About this task — Present the following data again exactly as it is shown.

Data section —
^^^^^^^^^^^^^^^^
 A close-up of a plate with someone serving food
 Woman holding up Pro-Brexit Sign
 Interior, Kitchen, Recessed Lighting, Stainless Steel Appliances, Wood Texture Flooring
^^^^^^^^^^^^^^^^
Solution below —
 A close-up of a plate with someone serving food
 Woman holding up Pro-Brexit Sign
 Interior, Kitchen, Recessed Lighting, Stainless Steel Appliances, Wood Texture Flooring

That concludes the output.